Who to Take: Your knowledgable wine-loving friends or to celebrate with fellow foodies who adore new interpretations on French cuisine
There’s a certain charm and simple elegance to Le Coucou that makes it a truly outstanding spot for fine dining in Manhattan. I had been wanting to go here since it first opened, but once word got out of its magnificence it was a bit tricky scoring a reservation. Luckily, NYC in August allows things to open up a bit, and with my foodie friends Erin and Jason in from Texas, we snagged an early table reservation the day of our dinner. Woo hoo.
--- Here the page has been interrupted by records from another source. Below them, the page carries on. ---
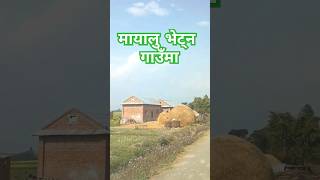 सहर -बजार नजीकका गाउँ ||Village||#shorts#youtubeshorts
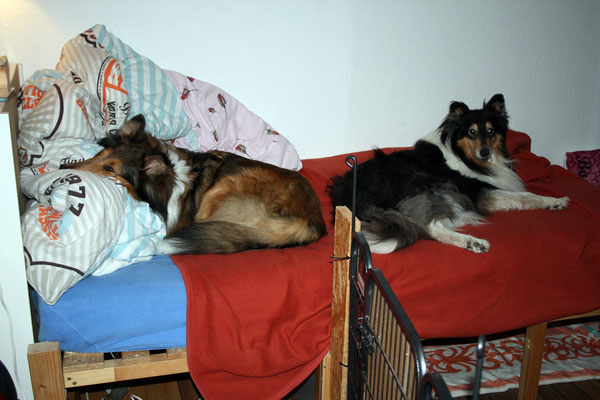 Boots und Klara ♥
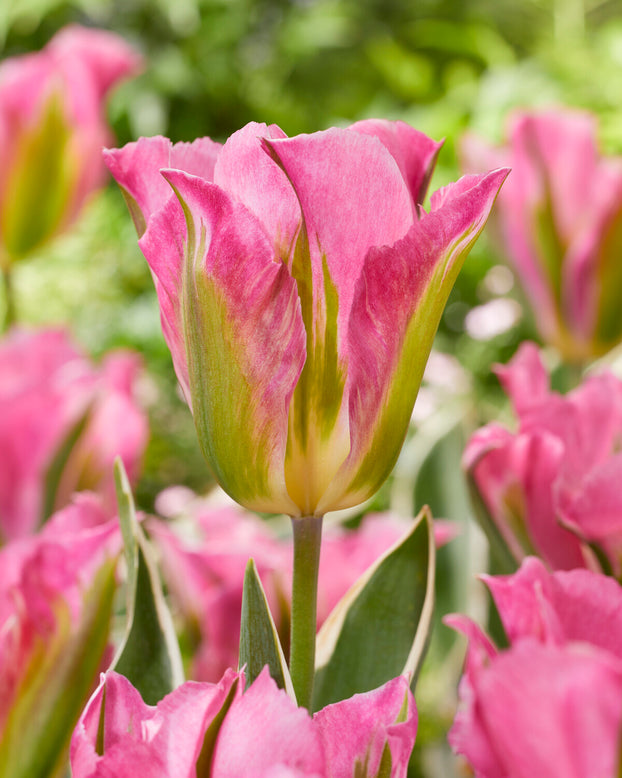 Tulip 'Pink Artist'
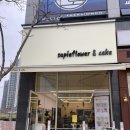 수피아플라워 이미지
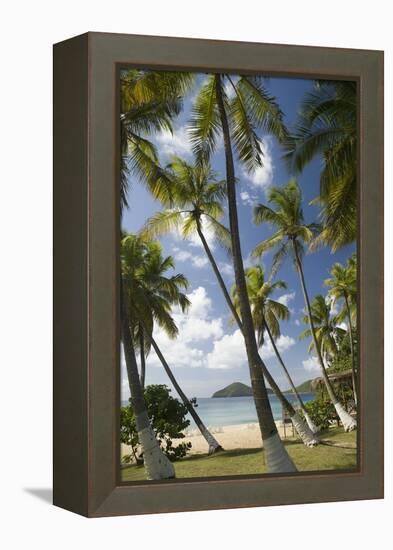 Palm Trees, Lambert Beach, Tortola, British Virgin Islands-Macduff Everton-Framed Premier Image Canvas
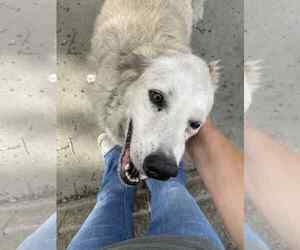 Golden Shepherd Dogs for adoption in Princeton, MN, USA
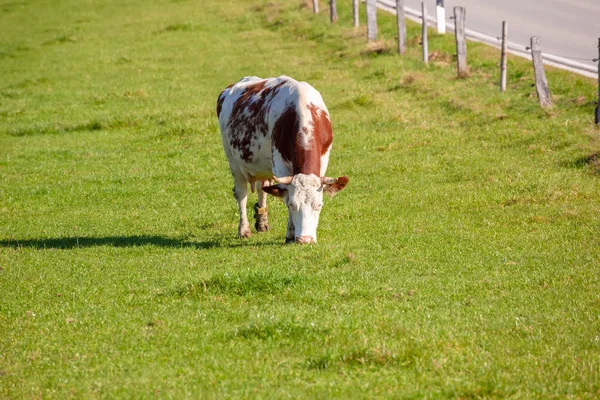 Kuh Weidet Auf Grünem Gras — Stockfoto
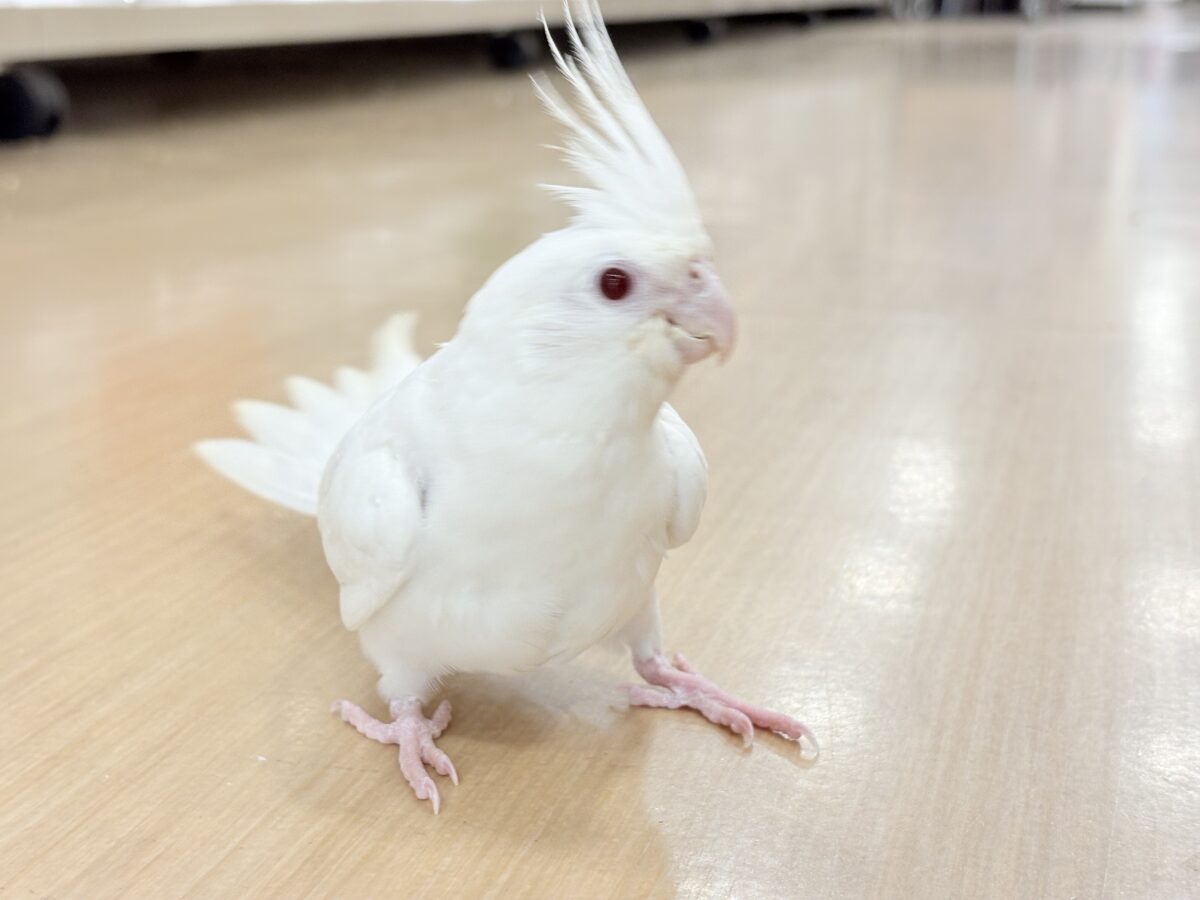 【最新画像更新🪄ひとり餌になりました☆】真っ白しろすけ☁️オカメインコ(ピュアホワイト) ヒナ オカメインコ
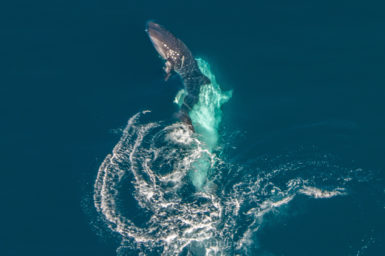 Two whale sharks mating in the water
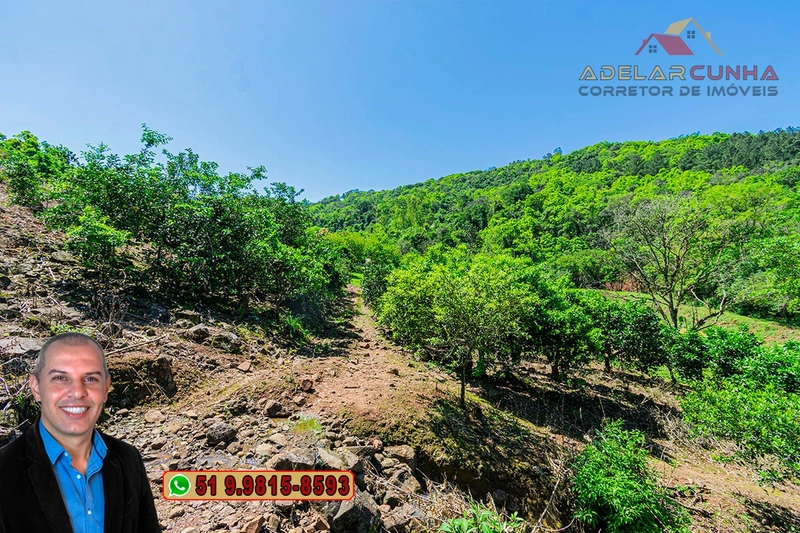 Sítio de 11.7 hectares à VENDA Igrejinha - RS: 59ª foto da galeria de imagens do imóvel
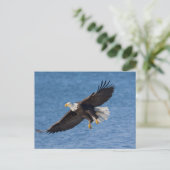 Carte Postale Bald eagle in flight (Debout devant)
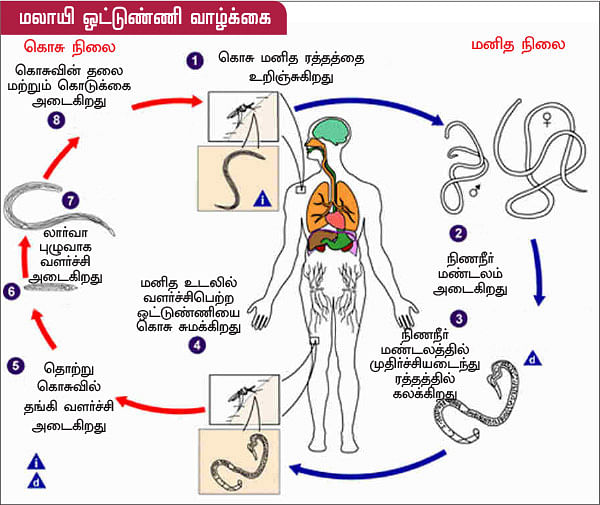 அலர்ஜியை அறிவோம் - 11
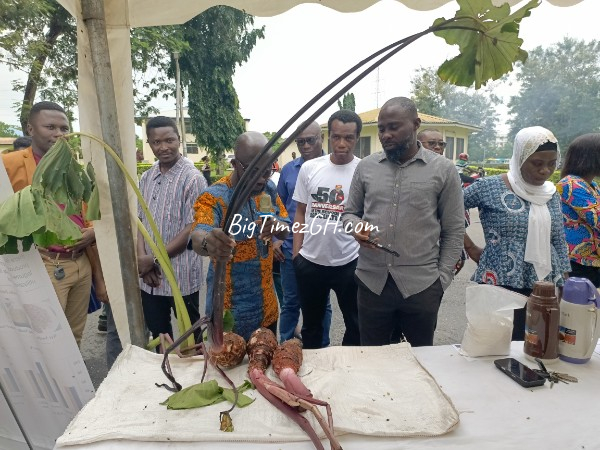 UCC Crop Science Department Unveils Taro Innovation Exhibition to Boost Farming, Business Skills 1 IMG 20260612 WA0023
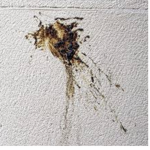 Poo stains on the wall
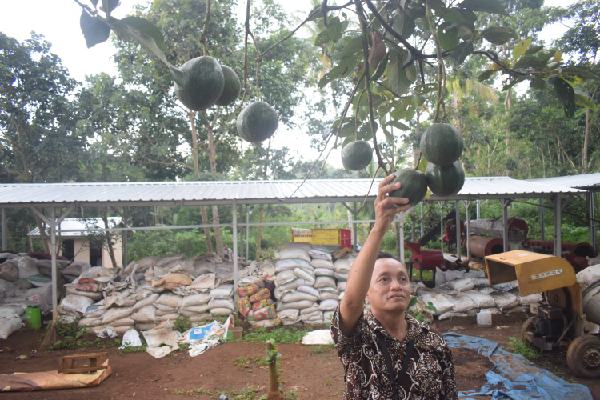 Hasilkan Alpukat Kendil, Kebun Semampir Siap Rintis Agrowisata Alpukat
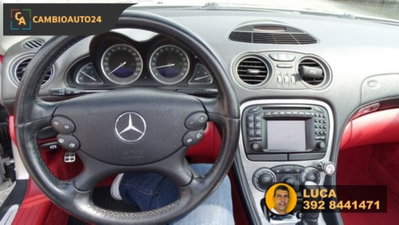 Mercedes-Benz SL 500 cat (15)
As soon as you enter, there’s a feeling that you will be treated to something special. I loved the soaring ceilings, the white-washed brick walls, and painterly bar area just inside the door of the space. The wines we sampled were exemplary. Luckily, Jason is pretty knowledgeable with wines and managed to find some extraordinary bottles for less than $100 from their kind of pricey wine list.
DINNER WITH SURPRISES
Chef Daniel Rose really wows with his update on classical French cuisine. Everything we ordered arrived as somewhat of a surprise, in either the presentation or with the choice of ingredients. The server guided us through the menu, and recommended a selection from each section, and we dutifully obeyed. This is not a place to order things and share. Dishes arrive beautifully styled for one, to cherish. Here’s how our dinner went…
The first course opened our palates with Fraîcheur de Homard (grilled lobster, asparagus, grapefruit) seen in the photo at the top of this post, and Huîtres, Granité aux Algues (oysters, seaweed ice) which we paired with some bubbly—a Crémant d’Alsace. This was a perfect way to begin.
It seems we couldn’t get enough lobster that day, so for the second course three of us tried the Chou Farci aux Fruits de Mer (lobster and scallop stuffed cabbage, pineau de la Loire). This was absolutely extraordinary, and quite off-the-beaten-track. A soft, steamed cabbage leaf wrapped around a tasty and light mix of seafood, and sat in a dainty sauce. Splendid! Erin ordered the Crépinette de Volaille au Foie Gras et Fruits (chicken and foie gras, roasted fruit) which was also excellent.
I love when Erin and Jason come into town. It’s an excuse to choose a spot and pull out all the stops. It’s the best way to catch up!
On to the main course! Erin and Jason ordered the Canette Sainte-Baume for Two (grilled duckling, foie gras, and figs) which arrived plated with slices of duck, plus an extra small pan of goodies.
Bob, as usual, ordered the fish. Sole Véronique (Dover sole, grapes, champignons) had a wondrous topping with a bit of sweetness from the grapes, and earthiness of the mushrooms in a lively sauce.
For my entree, I definitely hit the jackpot. Agneau de Colorado en Deux Services (grilled lamb chop with onions and mint, lamb neck braised with chard) arrived on two separate plates. This was my first taste of lamb neck, and I have to say it was sensational. Kind of like a very flavorable brisket, the meat just fell apart and melted in your mouth. (When I go back to Le Coucou, I am going to repeat the same order, it was that good.) The wine Jason chose complemented this dish perfectly.
For dessert we split a lovely Tarte Aux Fraises (raspberry tart) and (surprise) some cookies arrived on the scene.